[Given records]:
+---+
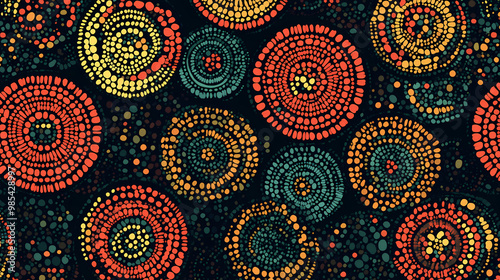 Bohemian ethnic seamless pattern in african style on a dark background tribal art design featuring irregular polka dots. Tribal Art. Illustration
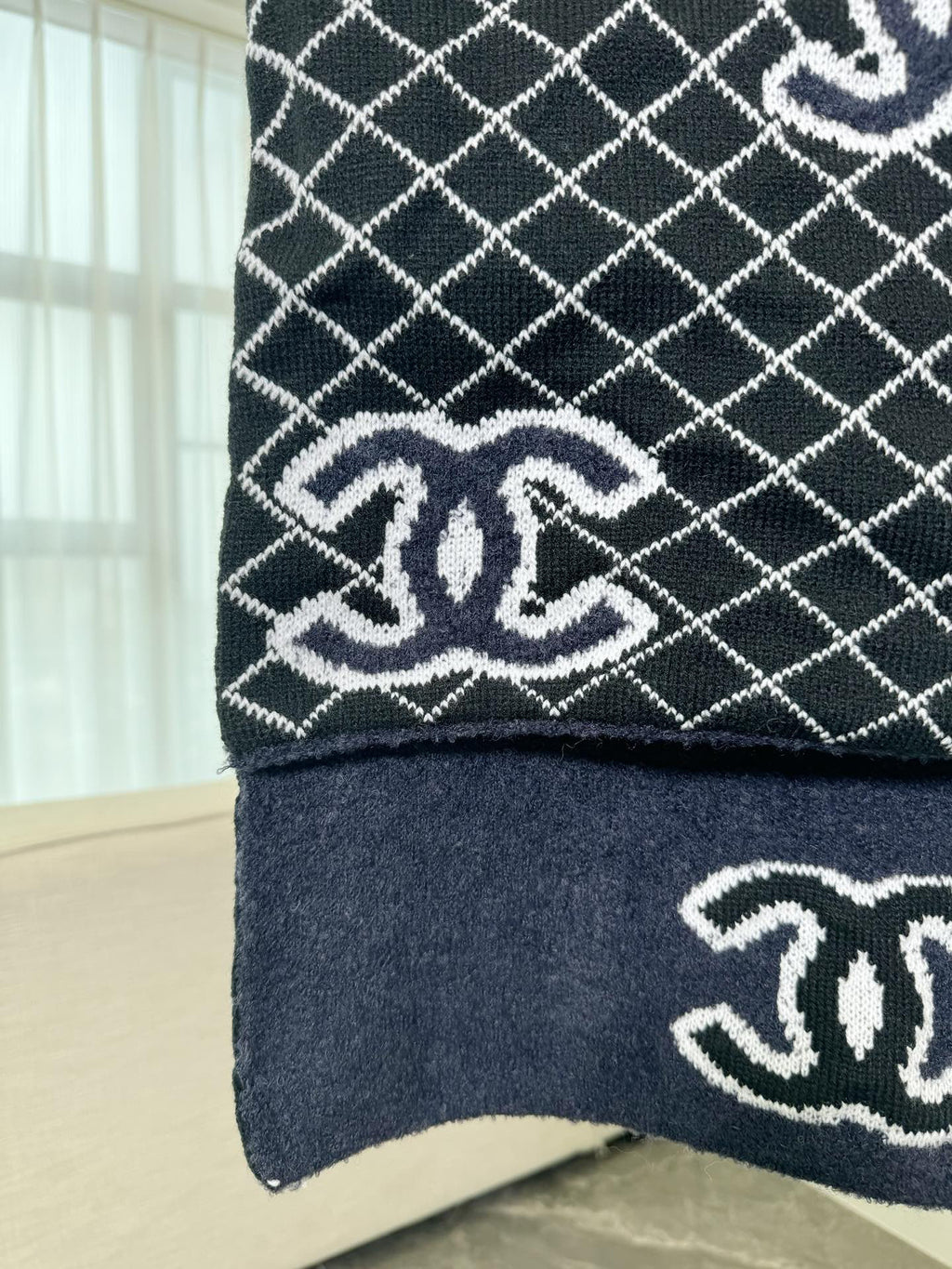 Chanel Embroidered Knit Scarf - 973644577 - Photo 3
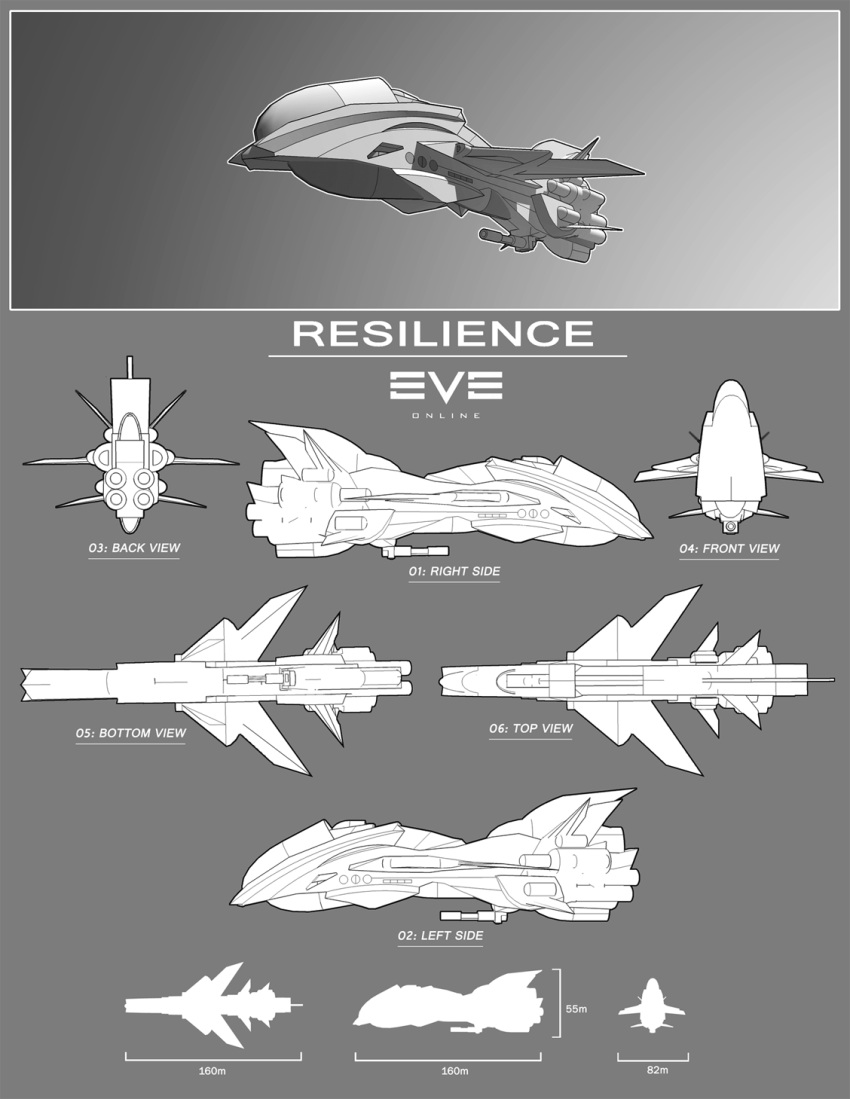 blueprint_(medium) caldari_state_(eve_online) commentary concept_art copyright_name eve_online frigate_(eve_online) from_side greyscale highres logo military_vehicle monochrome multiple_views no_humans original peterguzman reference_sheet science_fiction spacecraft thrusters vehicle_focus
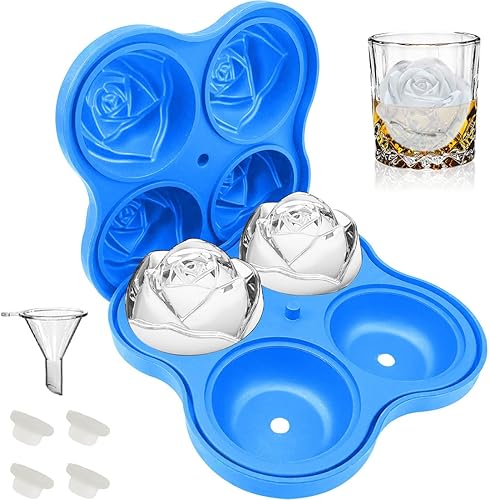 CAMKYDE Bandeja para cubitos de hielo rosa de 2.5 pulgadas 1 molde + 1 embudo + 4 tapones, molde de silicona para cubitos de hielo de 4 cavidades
+---+
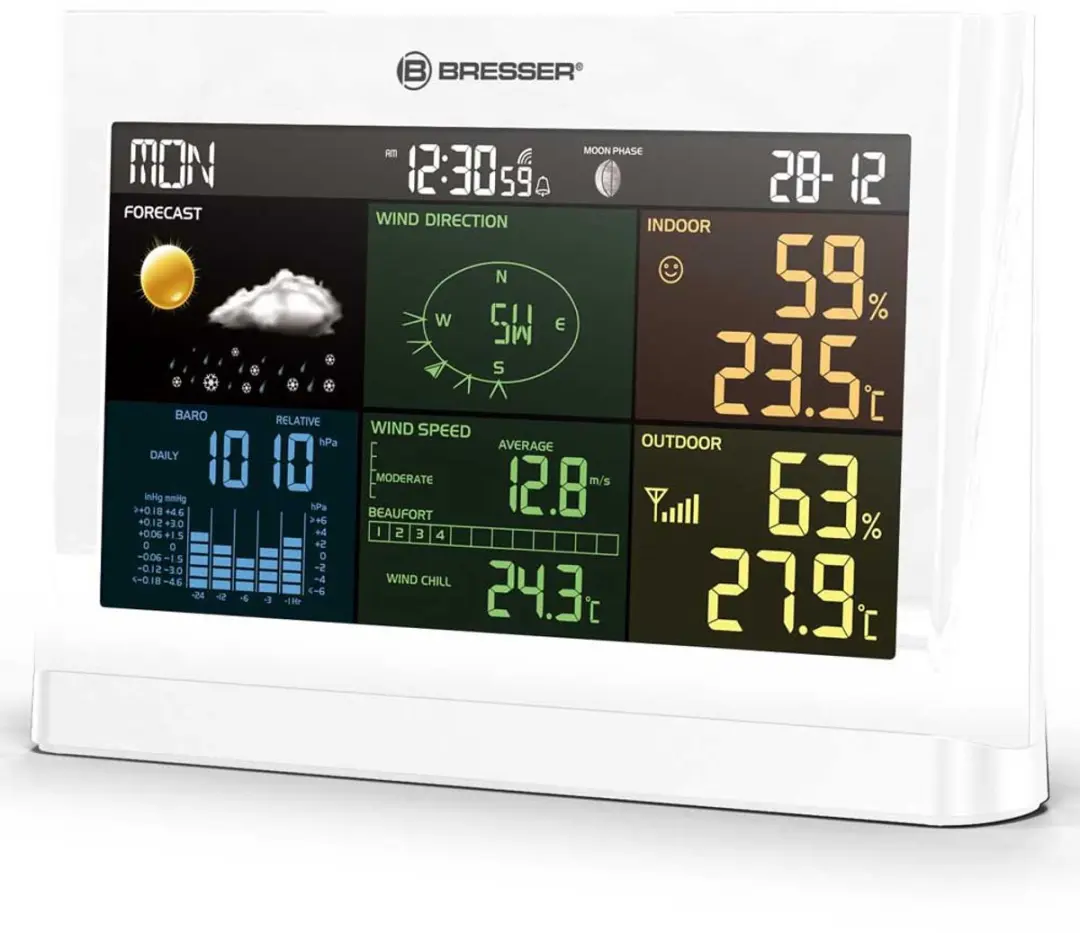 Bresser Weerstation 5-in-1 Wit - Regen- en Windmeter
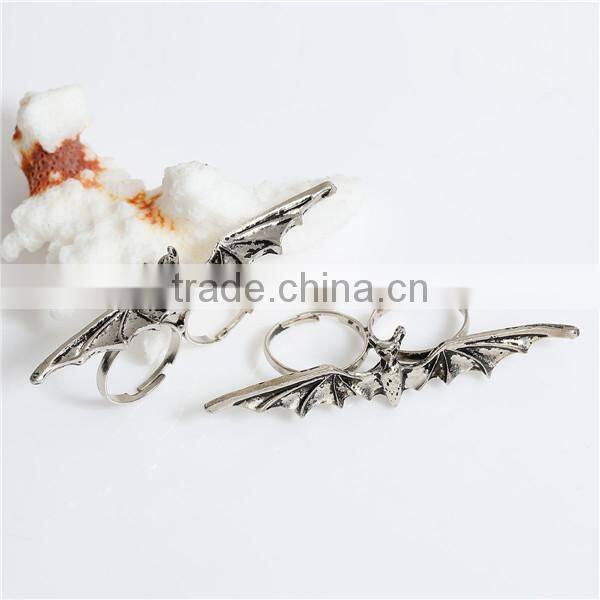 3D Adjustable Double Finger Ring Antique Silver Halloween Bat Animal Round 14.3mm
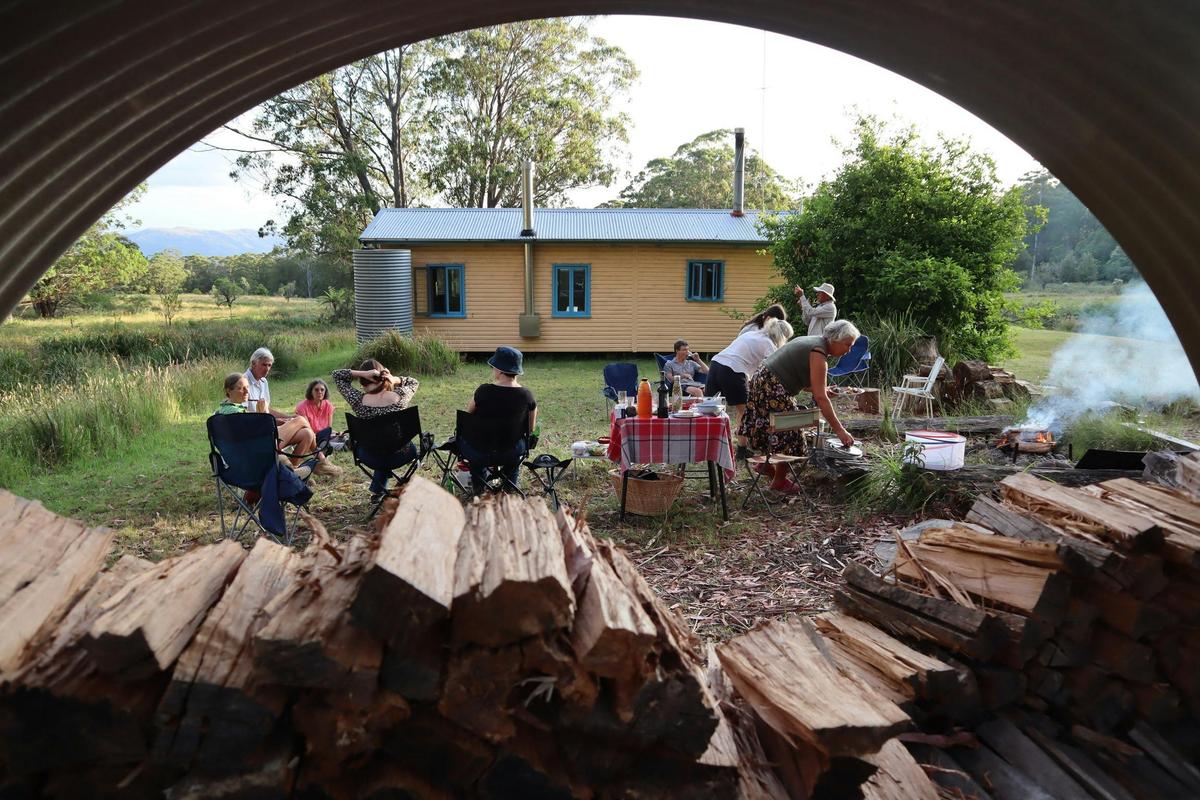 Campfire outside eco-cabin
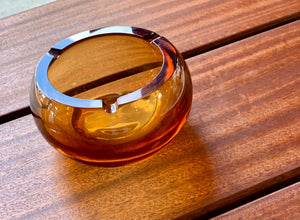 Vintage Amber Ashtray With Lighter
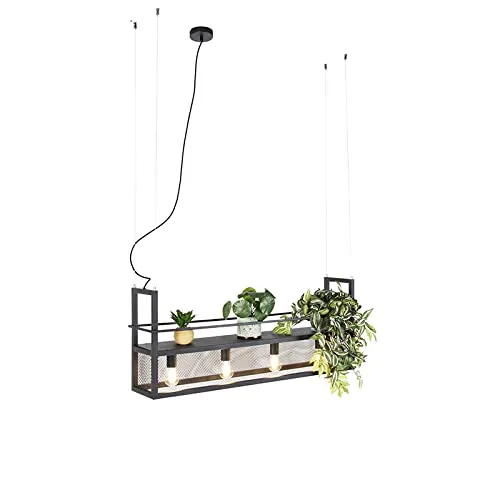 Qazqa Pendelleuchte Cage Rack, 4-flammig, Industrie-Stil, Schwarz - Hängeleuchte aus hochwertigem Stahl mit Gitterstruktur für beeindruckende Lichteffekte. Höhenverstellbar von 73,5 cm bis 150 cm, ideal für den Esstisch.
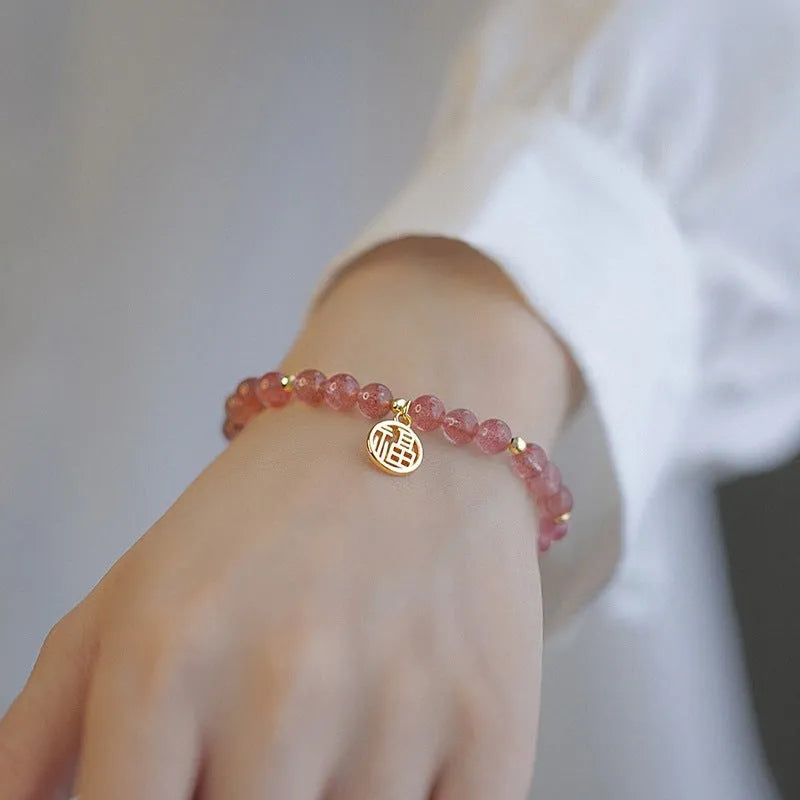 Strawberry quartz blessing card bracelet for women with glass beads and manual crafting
+---+
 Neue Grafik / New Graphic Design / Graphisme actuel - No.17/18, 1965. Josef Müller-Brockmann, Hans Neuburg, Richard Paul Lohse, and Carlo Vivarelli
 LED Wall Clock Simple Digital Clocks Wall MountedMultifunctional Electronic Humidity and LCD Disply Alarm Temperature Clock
+---+
[About this task]:
The reply should hold exactly the lines above, starting at the line with "Chanel Embroidered Knit" and ending at the line with "blueprint_(medium) caldari_state_(eve_online) commentary", and no pictures.

[Answer section]:
 Chanel Embroidered Knit Scarf - 973644577 - Photo 3
 blueprint_(medium) caldari_state_(eve_online) commentary concept_art copyright_name eve_online frigate_(eve_online) from_side greyscale highres logo military_vehicle monochrome multiple_views no_humans original peterguzman reference_sheet science_fiction spacecraft thrusters vehicle_focus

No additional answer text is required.